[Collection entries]
◇ ◇ ◇ ◇ ◇
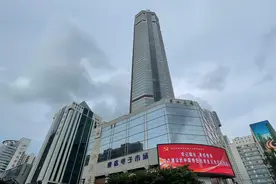 晃动深圳赛格大厦需要多少个胖子图片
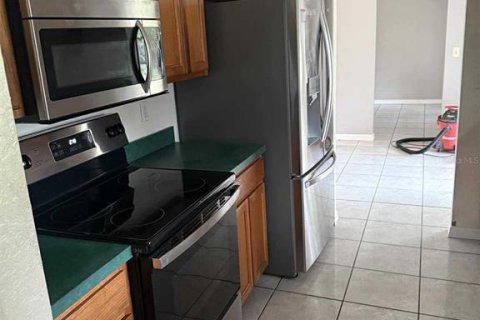 Casa en alquiler en Orlando, Florida, 3 dormitorios, 135.27 m2 № 1883112 - foto 14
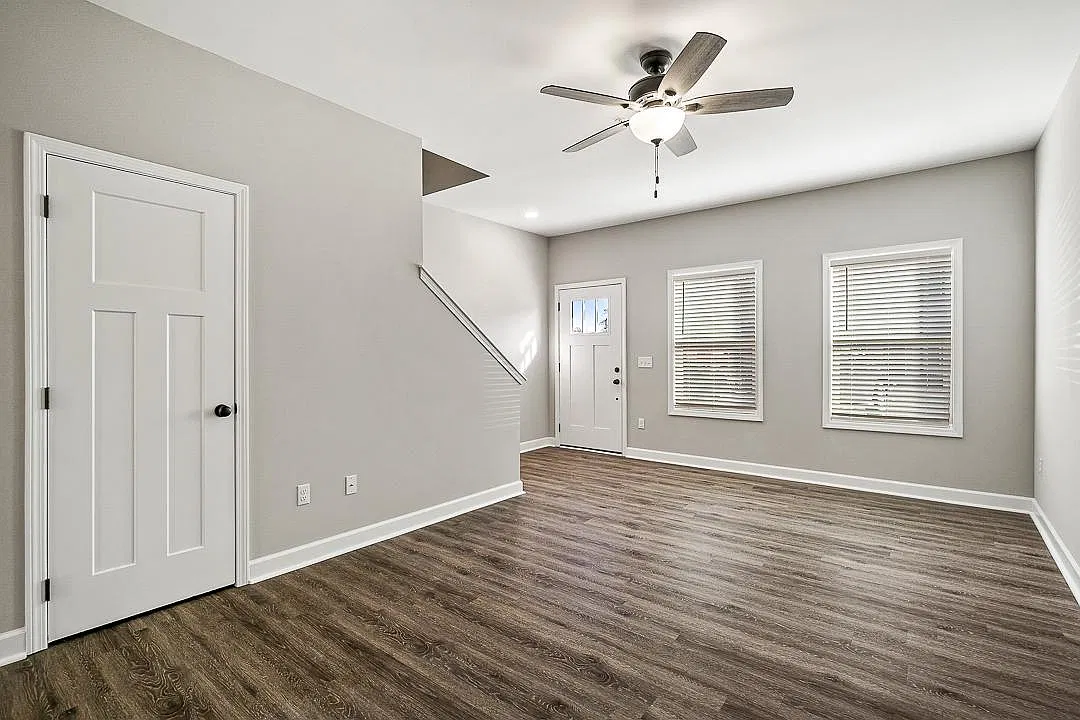 2 bed, 2.5 bath, 1100 sqft, $1,350 — Photo 4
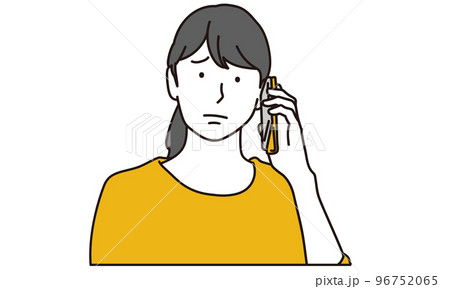 トラブルで電話をかけるアジア人女性 96752065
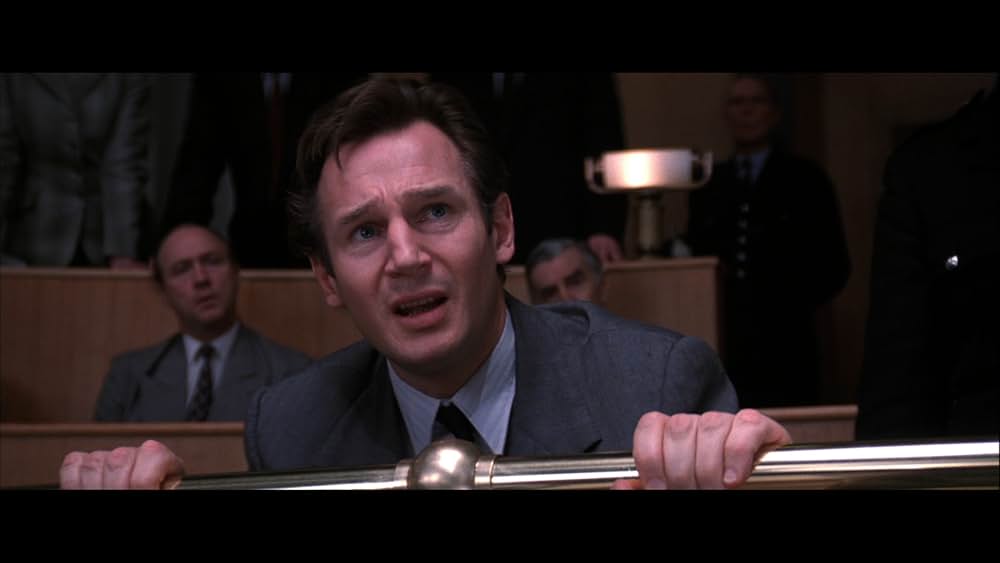 疑惑に抱かれての画像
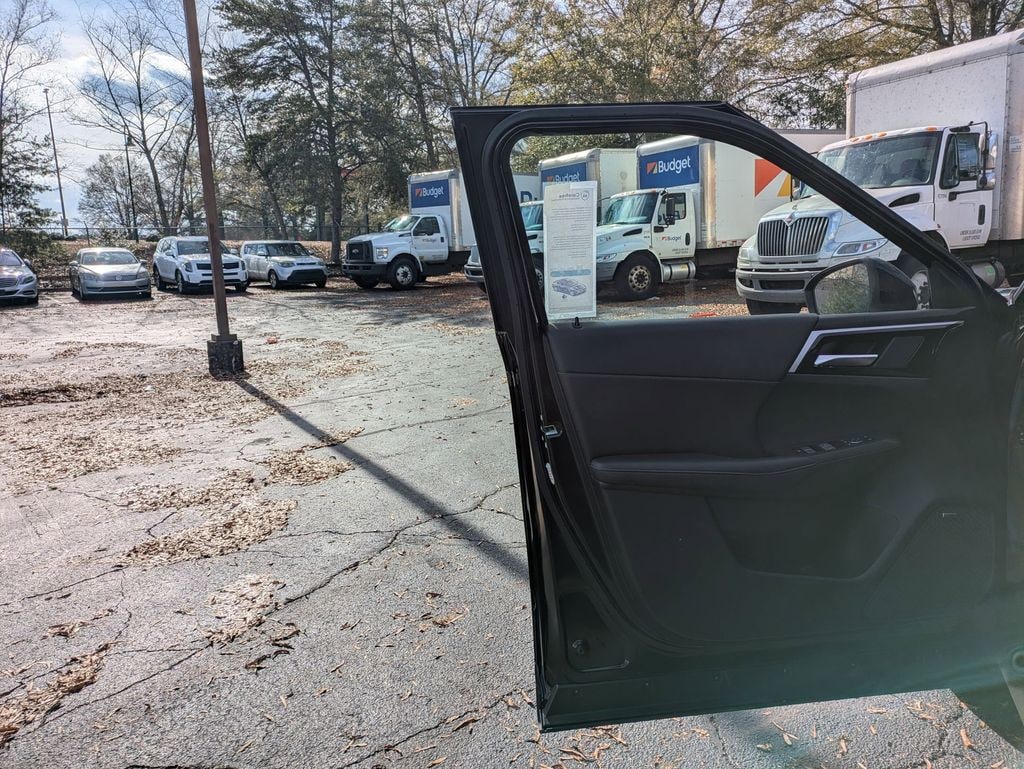 Thumbnail: 2025 Mitsubishi Outlander - 11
◇ ◇ ◇ ◇ ◇
* EXERCISE AIM:
Every line from the one with "2 bed, 2.5 bath, 1100 sqft, $1,350 — Photo 4" through the end of the records is to be reproduced exactly, and the pictures are to be left out.

* ANSWER SPACE:
 2 bed, 2.5 bath, 1100 sqft, $1,350 — Photo 4
 トラブルで電話をかけるアジア人女性 96752065
 疑惑に抱かれての画像
 Thumbnail: 2025 Mitsubishi Outlander - 11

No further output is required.